Votre rapporteur considère qu'il appartient à l'administration centrale d' apporter aux services déconcentrés les outils nécessaires au changement de culture que constitue la transition d'une logique de dépense vers une logique de résultat . Il observe que l'administration du secrétariat d'Etat n'adresse pas chaque année aux préfectures d'instructions sur la nature des informations à faire remonter, contrairement par exemple à la délégation à l'aménagement du territoire et à l'action régionale (DATAR), qui adresse chaque année aux préfectures une circulaire relative à la préparation du rapport annuel au Parlement sur la gestion du fonds national d'aménagement et de développement du territoire (FNADT). Ce document, qui reste insuffisant car ne comportant aucune évaluation de l'impact de l'emploi des crédits, présente néanmoins l'avantage de procurer une vision d'ensemble (bien que peu précise) de ce à quoi servent les crédits du fonds.

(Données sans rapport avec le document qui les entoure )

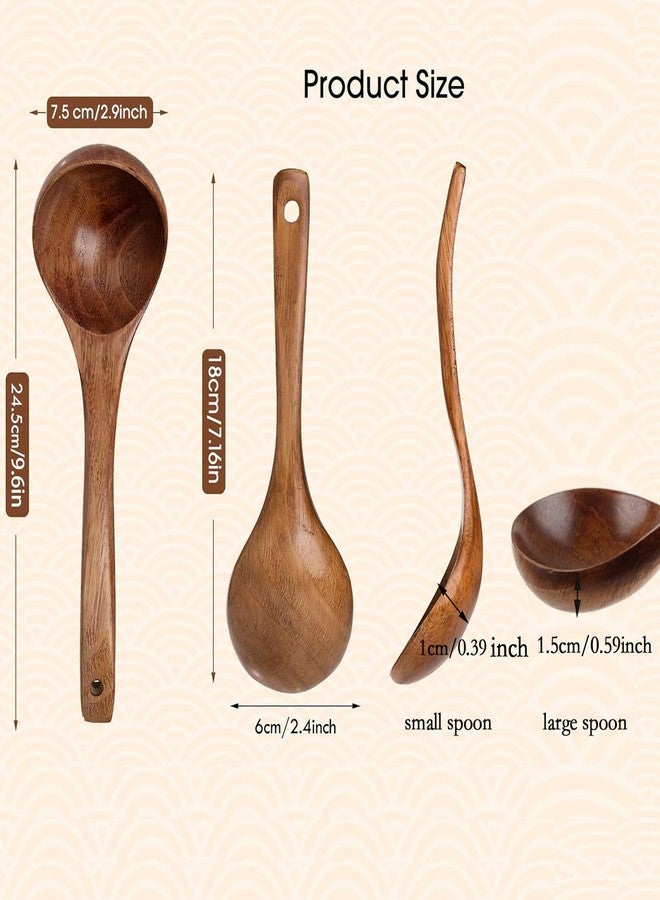 EORTA Set of 2 Wooden Spoons for Cooking 2 Sizes Deep Ladle Natural Wood Sauces Porridge Soup Flatware with Long Straight Handle Kitchen Serving Tools for Dinner Cooking Catering Gift, Large, Small - Image 2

A cet égard, il serait bienvenu que le secrétariat d'Etat adresse chaque année aux préfectures des tableaux standardisés, que les préfectures se contenteraient de remplir.
Il serait également heureux que les agents de l'administration centrale qui gèrent le FIDOM puissent se rendre sur place et avoir un contact direct avec les services déconcentrés. Aucun des gestionnaires actuels du FIDOM au niveau central ne s'est jamais rendu à titre professionnel dans les collectivités locales éligibles au FIDOM. Pourtant, la récente visite à la Réunion du contrôleur financier du secrétariat d'Etat à l'outre-mer été jugée très utile par les agents des services déconcentrés.
En tout état de cause, il est nécessaire de revoir les méthodes de collecte d'information, afin que la qualité de la gestion du FIDOM ne repose plus, comme c'est le cas actuellement, sur la seule bonne volonté des agents mais sur des procédures bien établies.
* 16 Fax du département des financements publics à la préfecture de Guyane du 18 août 2000, courrier au préfet de la Martinique du 10 janvier 2001, fax à la préfecture de Guadeloupe du 15 août 2000, courrier au préfet de la Réunion du 26 septembre 2000, courrier au préfet de Mayotte du 4 août 2000.
* 17 Le contrat de plan Etat-région de la Martinique fixe à 1,5 million de francs le montant de l'enveloppe réservée au financement de l'évaluation.